TL;DR We made a bacteria identifier app with unlimited scope compared to conventional identifiers. It leverages the massive and exponentially growing open-source UniProt proteomic database.
Check out our app in the image slider!
What is PigletMS?
PigletMS enables microbiologists to identify bacteria species from mass spectrum (MS) samples beyond the limited scope of existing MS databases by harnessing massive open-source proteomic databases. For our industry partner DSO, this means enhancing the nation’s biological defences by expanding the range of identifiable bacteria.
Check out our app demo video!
Why bacteria identification?
Bacteria identification is crucial in preserving the health and safety of our community. Harmful bacteria outbreaks such as the infamous Bubonic plague are not a thing of the past. Currently, Yemen is experiencing a large scale cholera outbreak (caused by the bacterium Vibrio cholerae) which has caused more than 3,900 deaths. Bacteria identification has several use cases such as:
1. Clinical diagnosis, where effective treatments depend on accurate and rapid diagnostic, and
2. Environment monitoring to detect and assess outbreak threats quickly.
How did we approach this problem?
1. We first identified larger databases such as UniProt or RefSeq that we could use as references databases.
2. Next, we designed algorithms that could effectively classify species from input MS with minimal reliance on the MS database.
3. Finally, we interviewed users to discern the essential User Interface (UI) features and implemented them.
PigletMS: The User-Friendly Two-Pronged Bacteria Identifier
PigletMS was designed to serve as a parallel diagnostic tool for microbiologists. In practice, an unknown MS sample may contain a species that is present or absent from the MS databases. At its core, PigletMS consists of two classifiers that target these two different prediction spaces.
Classifier 1 targets species that are present in the MS databases and uses the idea that species closer in biology are likely to express similar proteins and hence have similar MS. A Graph Convolution Network (GCN) is employed for this purpose.

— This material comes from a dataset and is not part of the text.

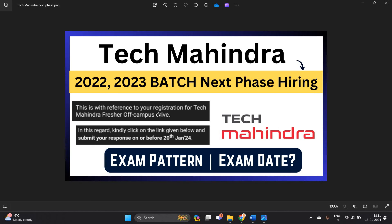Many candidates got this type of mail: 'This is with reference to your registration for Tech Mahindra Drive. You have to click on the link given below and submit your response before 20 January.'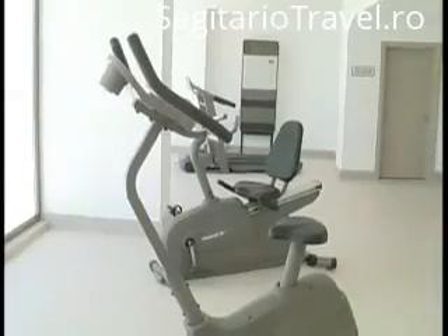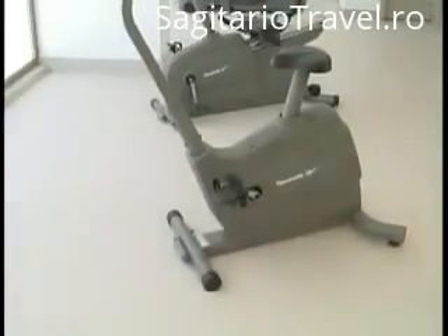Our fitness center was especially built around the pool area with chromatic glass to enable you to see the magnificent view while you are doing your exercise.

Classifier 2 targets species that are absent in the MS database and relates proteins found in the large proteomic database to those expressed in MS, thus expanding the total search space of PigletMS beyond MS databases. Classifier 2 combines TF-IDF*, a classic Information Retrieval model, and ProtTrans, a state-of-the-art Protein embeddings model, to identify important proteins for similarity scoring. This innovative combination is our primary contribution to the field of microbiology.
*Term Frequency – Inverse Document Frequency model
How well does PigletMS perform?
PigletMS outperforms the current state-of-the-art MSLF model in MS library-free bacteria identification. When tested on a diverse and balanced test set of species, PigletMS achieved 66.7% Top-3 Genus^ accuracy (versus 14.9% by MSLF, a 4.5x improvement) and 25.0% Top-1 Species accuracy (versus 2.1% by MSLF, a 11.9x improvement).
This result is reasonable as MSLF uses only 10 genes in its predictions while our Classifier 2 uses 71 genes.
^ If the true species or genus is found within the Top-K ranked output of the model for a sample, the sample is considered “Top-k species or genus accurate”.
Reviews of our system
Taking into account our user research and several co-creative design iterations with our end-users, the PigletMS UI successfully streamlined workflows and was intuitive to use by first-time users.
Chieu Hai Leong, Distinguished Member of Technical Staff, DSO National Laboratories, commended:
“The software and model implemented have exceeded our expectations of the project.”
A DSO scientist, our end user, said:
“This software coupled with our BRUKER software makes a dream team.”
PigletMS and the future of bacteria identification
As massive open-source databases such as UniProt grow exponentially, so does the scope and accuracy of bacteria identifiable by PigletMS. PigletMS enables microbiologists to tap into the world’s collaborative effort to study and fight against bacterial threats – and to do so fast and free.
In collaboration with
P.s. Why are we called PigletMS?
We honestly had a hard time coming up with a good name that could represent our model, that wasn’t boring like most academic titles and that hints at our team’s love for fun. One day, while taking a break from making ground-breaking research that make bacteria everywhere tremble in fear, our team member doodled cute pigs to a song on a whiteboard. The adorable piglet caught the attention of our mentor who then started calling the project PigletMS – because we work with peaks in MS and bacteria is small like piglets. It caught on. It’s even in our source code.